Multon, qui a rencontré Hardy à Marseille, l’identifie dans le train Lyon-Paris dans la nuit du 8 au 9 juin. Hardy arrêté, Barbie viendra en personne le récupérer à la prison de Chalon-sur-Saône le 10 juin. Puis Moog procède à Paris à l’arrestation du général Delestraint et de ses adjoints Joseph Gastaldo et Jean-Louis Théobald le 9 juin. Le général Delestraint sera exécuté à Dachau le 19 avril 1945. Bingo. Moog et Saumande reçoivent chacun 30 000 francs de récompense[12].

Pour cette opération, qui est présent à Paris ? La SIPO-SD de Paris venue en renfort ainsi que l’Abwehr : le capitaine Kramer de l’AST de Dijon qui commande l’opération, Moog, Saumande et le traître Multon. Gastaldo dira après-guerre que « parmi certains civils, il croira reconnaître Doussot[13]. »

Pour ce superbe coup de filet qui porte un énorme coup à la résistance, le capitaine Kramer félicitera sûrement Moog, « son meilleur collaborateur et ami[14]. »
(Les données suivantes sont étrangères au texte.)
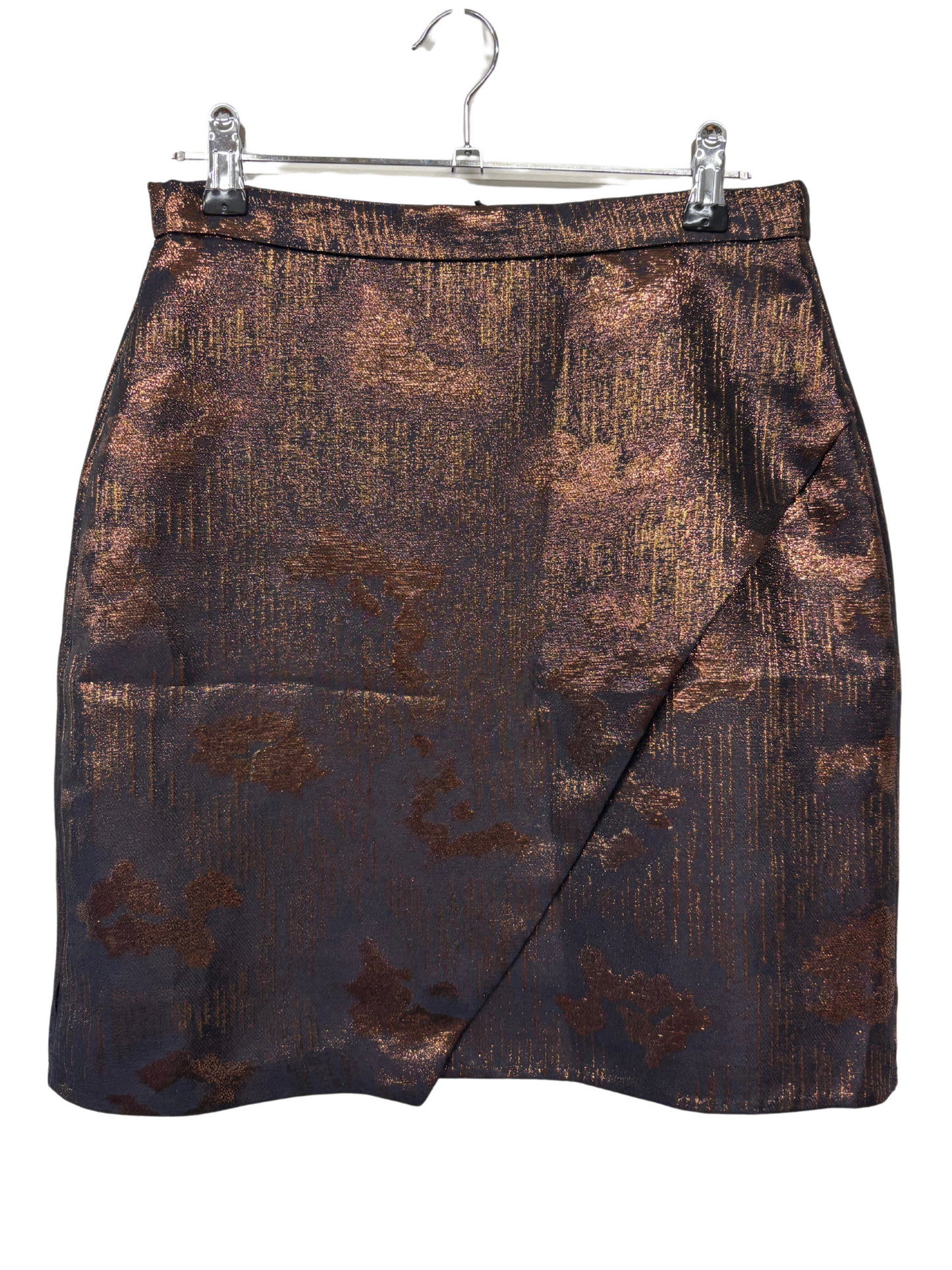 Dark Blue Short Skirt with Gold Metallic Pattern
[1] Née le 28 octobre 1897 à Bastia, décédée en 1945 à Ravensbrück.

[2] Aubry, après l’affaire de Caluire, retrouvera « André » à Paris et ce dernier sera chargé de ses interrogatoires.

[3] Né le 3 juillet 1908 à Preuilly-sur-Claise, fusillé le 11 septembre 1946 au fort de Montrouge. En 1944, Multon était passé en Algérie. Il servira dans l’armée du général Delattre de Tassigny avant de revenir à Paris où il sera arrêté.
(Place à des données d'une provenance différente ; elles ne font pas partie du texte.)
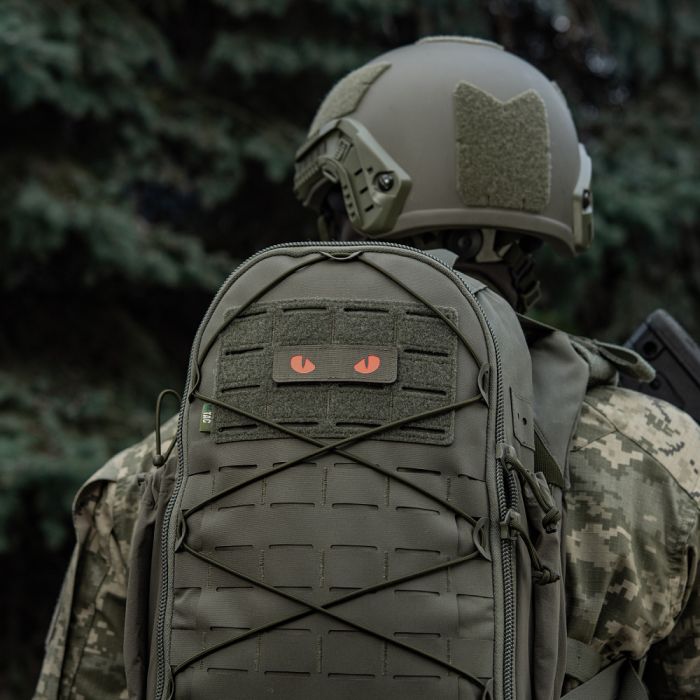 M-Tac нашивка Cat Eyes Laser Cut Ranger Green/Red/GID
[4] Après avoir arrêté B. Albrecht, les agents de l’Abwehr se ruent à l’hôtel de Bourgogne où devait se tenir la réunion des MUR. à 11H30.

[5] Missika Dominique. Berty Albrecht. Paris : Éditions Perrin, 2014, 365 p., p. 297.

[6] Baynac Jacques. Présumé Jean Moulin, Juin 1940-Juin 1943. Paris : Grasset, 2007, 1104 p., p. 727. Klaus Barbie déclarera à l’inspecteur J. Pouzol avoir été présent à Mâcon le 28 mai.

[7] Frenay Henri. La nuit finira. Paris : Robert Laffont, 1973, 607 p., p. 332.

[8] Peck rapportera à Frenay un signalement vague :  l’homme était « Taille moyenne, cheveux châtains, visage épais, lunettes. » À qui ce signalement correspond-t-il ?

[9] Archives INA : https://m.ina.fr/video/I07197722/danielle-mitterrand-a-propos-de-bertie-albrecht-video.html

[10] Barbie se vantera d’avoir été présent lors de la perquisition à Cluny alors qu’il est resté à Lyon. Veut-il amadouer son public ? Il dira ainsi qu’il avait trouvé Daniele Gouze « charmante ».

[11] http://charles.delestraint.free.fr/concl.htm

[12] L’Aube, 6 juillet 1951. Procès Saumande.